(Given material)
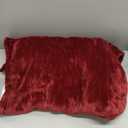 Bedsure Heated Blanket Throw Blanket  Fast Heating Electric Blanket, Soft Flannel Heated Throw with 4 Time Settings, 6 Heating Settings, Gifts for Grandma, Grandpa, Grandkids (50"x60", Burgundy)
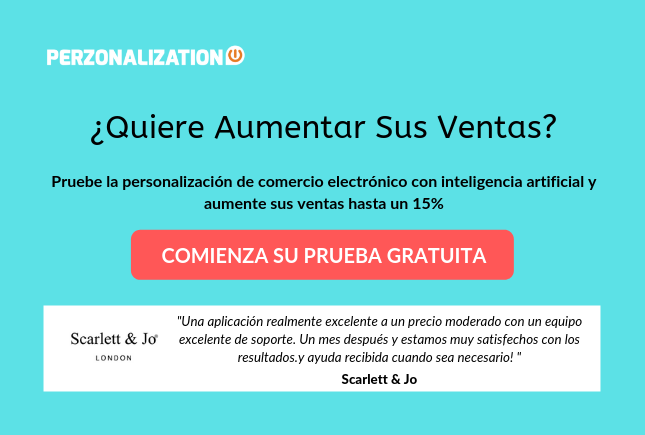 Comience su prueba gratuita: personalización de comercio electrónico con inteligencia artificial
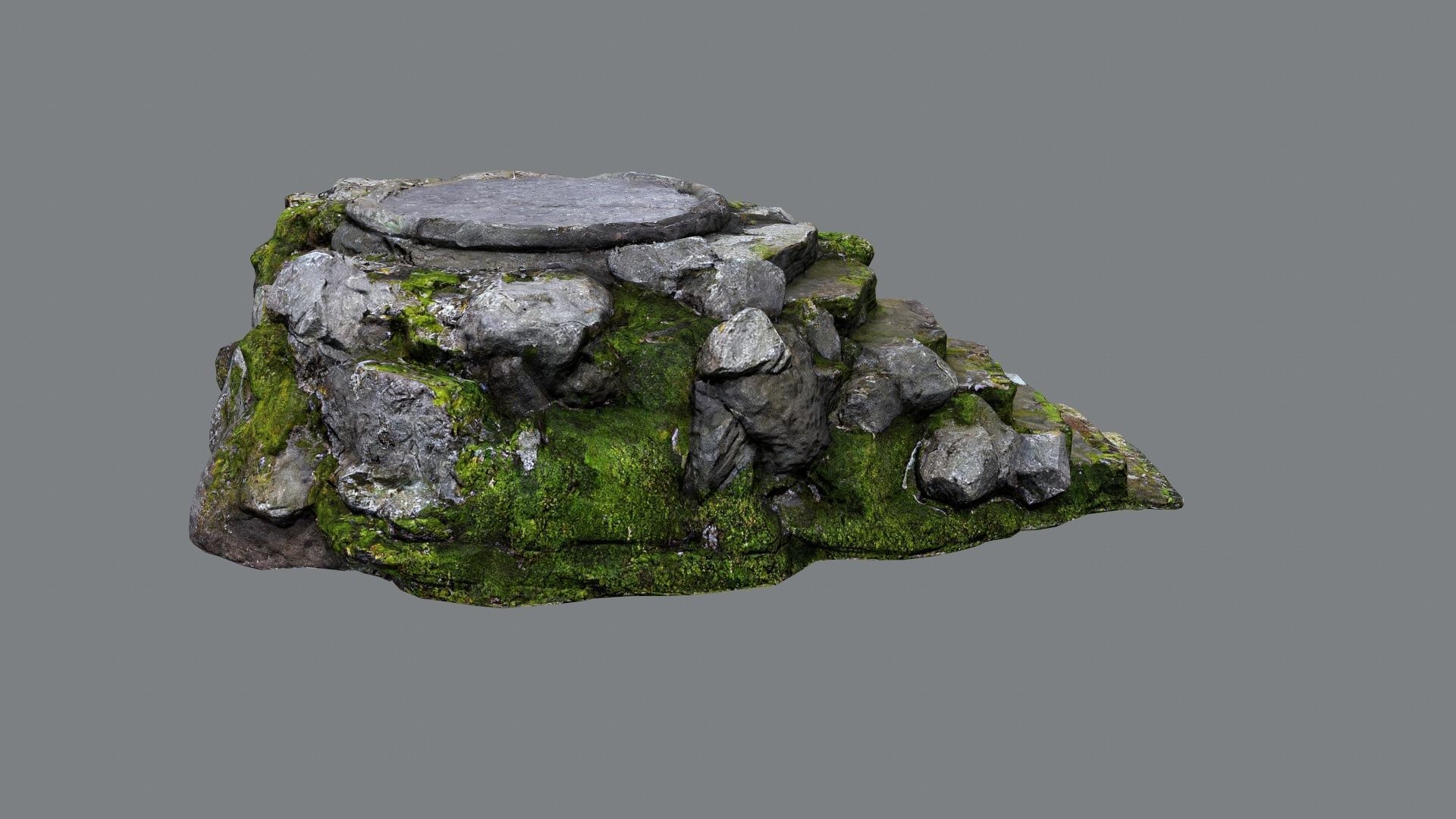temple Low-poly 3D model_1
(End Given material)
* What to produce *
Please give again, word for word, the lines from the one containing "Comience su prueba" through the last line of the listing above, inclusive, and leave out pictures.

* Response to this exercise *
 Comience su prueba gratuita: personalización de comercio electrónico con inteligencia artificial
temple Low-poly 3D model_1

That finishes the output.